An example of this was a large-volume big-box chain whose demands were great but which could offer my client, a manufacturer of sports apparel, extremely high volumes of sales. Its approach was to order several thousand dozens of product in the exact color and size assortment that it needed. In addition, there was a date certain for delivery. We had to sew the retailer’s label onto the product and attach specific hang tags that contained its pricing and bar codes. We also had to provide the product on hangers, ready to hang in the stores. This chain’s stated condition of doing business was payment 60 days after delivery of goods.

Since my manufacturing operations were integrated back to thread, we would spin the thread, weave the greige goods, dye the fabric, cut the material, sew the goods, sew in the specified labels, put on the hang tags, assort as required, put the goods on hangers, and ship the goods by the agreed-upon date. Sometimes, near the shipment date, this large customer would “decrease” the order because “sell through” of the product had changed as the fashion demand for our product had changed. We would then be forced to dispose of this excess inventory in a secondary discount market.

Through the customer profitability analysis, I found that the cost of all the special services we offered the large retailer, combined with occasional product refusal and long payment terms, put this customer’s profitability well into the red. It was especially hard to make the decision to drop this customer because of its volume. The competitive nature of the industry did not allow for price increases significant enough to cover the cost of doing business, so we decided to wind down sales to this customer over time while reducing overhead, including the closure of one facility, and redirecting our sales to more profitable channels.

In another instance, I was forced to oversee the liquidation of a company that manufactured a critical component for an automotive company. The component was a very precisely manufactured technical family of products and was the sole supplier for the automotive manufacturer. Over the years the automotive company had squeezed the component manufacturer for price concessions to the point where there was no profitability. After several years of losses, the investors and the bank were facing “lender fatigue” and wanted out of the company. I was given no option but to liquidate a 100-year-old business that might have been saved had the company performed a customer analysis at an earlier date when other options were still available.

Firing a Customer

The hardest thing a company can do is fire a customer. There are reasons for doing this besides obvious economic ones. These can include the following six things:

  1. Overly demanding service requirements

  2. Consistent slow pay and collection problems

  3. Exaggerated warranty demands

  4. Continual threats of legal action

  5. Quality requirements beyond reasonableness, coupled with high returns

  6. Abusive or dishonest relationship

Firing a customer, as I have illustrated, can actually be a constructive process and should not be an emotional decision. It should involve the following four steps:

  1. Determine what the economic cost of the customer is in real dollars.
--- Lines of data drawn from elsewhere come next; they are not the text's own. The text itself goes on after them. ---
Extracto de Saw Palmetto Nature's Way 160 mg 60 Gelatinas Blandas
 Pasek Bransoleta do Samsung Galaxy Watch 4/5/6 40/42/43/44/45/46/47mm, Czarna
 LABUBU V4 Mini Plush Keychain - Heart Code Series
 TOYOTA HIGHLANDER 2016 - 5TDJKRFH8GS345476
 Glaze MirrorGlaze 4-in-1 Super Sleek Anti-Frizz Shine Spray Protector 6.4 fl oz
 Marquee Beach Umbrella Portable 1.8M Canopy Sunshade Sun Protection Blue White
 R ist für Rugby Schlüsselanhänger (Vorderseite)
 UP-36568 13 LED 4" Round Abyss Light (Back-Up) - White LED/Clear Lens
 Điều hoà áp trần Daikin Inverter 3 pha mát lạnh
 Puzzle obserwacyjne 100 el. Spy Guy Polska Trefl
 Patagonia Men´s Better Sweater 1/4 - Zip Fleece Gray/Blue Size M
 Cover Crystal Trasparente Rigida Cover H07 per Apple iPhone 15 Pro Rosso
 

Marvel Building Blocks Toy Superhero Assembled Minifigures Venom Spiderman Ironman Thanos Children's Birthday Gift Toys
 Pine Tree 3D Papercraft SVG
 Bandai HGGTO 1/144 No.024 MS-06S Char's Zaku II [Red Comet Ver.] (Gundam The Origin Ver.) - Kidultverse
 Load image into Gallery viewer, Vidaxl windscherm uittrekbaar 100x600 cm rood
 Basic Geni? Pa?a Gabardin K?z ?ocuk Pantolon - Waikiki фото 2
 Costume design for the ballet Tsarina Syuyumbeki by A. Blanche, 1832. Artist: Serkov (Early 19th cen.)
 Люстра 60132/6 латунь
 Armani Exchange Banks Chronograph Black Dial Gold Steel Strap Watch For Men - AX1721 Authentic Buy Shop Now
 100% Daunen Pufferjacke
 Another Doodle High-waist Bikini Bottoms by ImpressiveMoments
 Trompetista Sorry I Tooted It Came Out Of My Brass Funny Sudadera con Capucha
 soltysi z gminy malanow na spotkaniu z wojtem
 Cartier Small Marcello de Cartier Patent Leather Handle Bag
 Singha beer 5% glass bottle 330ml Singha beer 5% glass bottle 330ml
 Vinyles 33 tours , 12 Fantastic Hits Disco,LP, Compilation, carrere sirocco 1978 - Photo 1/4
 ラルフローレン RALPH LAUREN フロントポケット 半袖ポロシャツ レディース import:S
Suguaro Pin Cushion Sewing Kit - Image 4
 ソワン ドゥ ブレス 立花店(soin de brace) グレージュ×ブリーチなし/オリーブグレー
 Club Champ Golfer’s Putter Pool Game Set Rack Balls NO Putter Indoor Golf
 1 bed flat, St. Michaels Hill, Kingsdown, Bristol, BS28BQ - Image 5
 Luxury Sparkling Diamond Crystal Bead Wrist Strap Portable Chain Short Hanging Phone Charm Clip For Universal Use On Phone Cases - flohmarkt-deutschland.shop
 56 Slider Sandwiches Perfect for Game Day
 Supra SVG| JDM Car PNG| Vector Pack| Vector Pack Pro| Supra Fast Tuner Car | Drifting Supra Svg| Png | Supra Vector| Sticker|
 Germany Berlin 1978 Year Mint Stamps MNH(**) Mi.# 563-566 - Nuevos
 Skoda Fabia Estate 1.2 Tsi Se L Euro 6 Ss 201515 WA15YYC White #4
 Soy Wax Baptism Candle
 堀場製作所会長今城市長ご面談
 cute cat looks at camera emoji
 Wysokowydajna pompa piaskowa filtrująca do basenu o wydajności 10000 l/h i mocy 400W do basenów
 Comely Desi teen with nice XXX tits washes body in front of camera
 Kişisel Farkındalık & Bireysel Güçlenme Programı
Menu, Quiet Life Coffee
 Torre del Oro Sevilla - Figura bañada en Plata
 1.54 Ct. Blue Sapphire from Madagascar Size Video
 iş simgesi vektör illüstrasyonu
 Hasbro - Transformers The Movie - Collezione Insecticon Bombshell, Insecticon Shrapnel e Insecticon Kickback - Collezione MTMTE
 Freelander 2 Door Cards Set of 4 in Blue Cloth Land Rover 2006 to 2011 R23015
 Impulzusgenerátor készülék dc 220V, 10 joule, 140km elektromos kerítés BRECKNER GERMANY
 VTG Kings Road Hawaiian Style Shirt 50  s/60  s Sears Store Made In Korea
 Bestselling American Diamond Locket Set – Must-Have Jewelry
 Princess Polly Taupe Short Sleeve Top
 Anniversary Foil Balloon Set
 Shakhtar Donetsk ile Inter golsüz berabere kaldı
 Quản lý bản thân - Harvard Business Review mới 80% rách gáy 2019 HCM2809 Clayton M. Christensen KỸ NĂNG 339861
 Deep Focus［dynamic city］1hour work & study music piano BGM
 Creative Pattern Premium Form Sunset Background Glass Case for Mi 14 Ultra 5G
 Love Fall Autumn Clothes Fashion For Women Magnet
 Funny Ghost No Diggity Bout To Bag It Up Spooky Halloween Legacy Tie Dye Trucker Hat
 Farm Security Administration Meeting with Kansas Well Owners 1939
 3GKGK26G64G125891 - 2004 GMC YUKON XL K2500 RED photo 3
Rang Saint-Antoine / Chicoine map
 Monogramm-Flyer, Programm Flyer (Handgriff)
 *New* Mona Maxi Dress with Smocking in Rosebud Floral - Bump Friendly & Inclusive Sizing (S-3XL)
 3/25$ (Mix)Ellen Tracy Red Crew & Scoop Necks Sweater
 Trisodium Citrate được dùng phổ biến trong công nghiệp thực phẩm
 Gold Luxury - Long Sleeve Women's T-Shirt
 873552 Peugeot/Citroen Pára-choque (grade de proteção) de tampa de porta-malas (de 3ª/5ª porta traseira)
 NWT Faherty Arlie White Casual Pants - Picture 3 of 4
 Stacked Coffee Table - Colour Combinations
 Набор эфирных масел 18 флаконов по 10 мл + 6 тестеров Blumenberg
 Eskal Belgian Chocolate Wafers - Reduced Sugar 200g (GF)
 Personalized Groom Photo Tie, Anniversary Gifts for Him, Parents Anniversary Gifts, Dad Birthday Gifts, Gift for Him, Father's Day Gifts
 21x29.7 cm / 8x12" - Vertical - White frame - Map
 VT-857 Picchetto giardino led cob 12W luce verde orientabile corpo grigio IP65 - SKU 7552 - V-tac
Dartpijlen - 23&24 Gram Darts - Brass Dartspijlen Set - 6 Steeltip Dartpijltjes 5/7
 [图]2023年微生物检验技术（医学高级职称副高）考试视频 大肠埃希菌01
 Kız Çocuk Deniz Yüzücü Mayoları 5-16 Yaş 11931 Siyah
Quantify each service and demand of the customer, and determine what you must charge in order to recover these costs.

  2. Have a frank discussion with the customer to determine if you can modify its demands to make doing business together worthwhile, for example, agreeing to more acceptable payment terms.

  3. Raise prices and put the continuance decision into the customer’s court.

  4. Prepare your organization for the loss of business by reducing overhead.

Because customers can actually drain profit rather than generate profit, companies should perform customer analyses often, perhaps every six months. Sales conditions and product mix change. With a new customer I recommend a review of the account’s performance after the first three months of service. This simple review will often avert a great deal of angst in driving continued profitability for your company.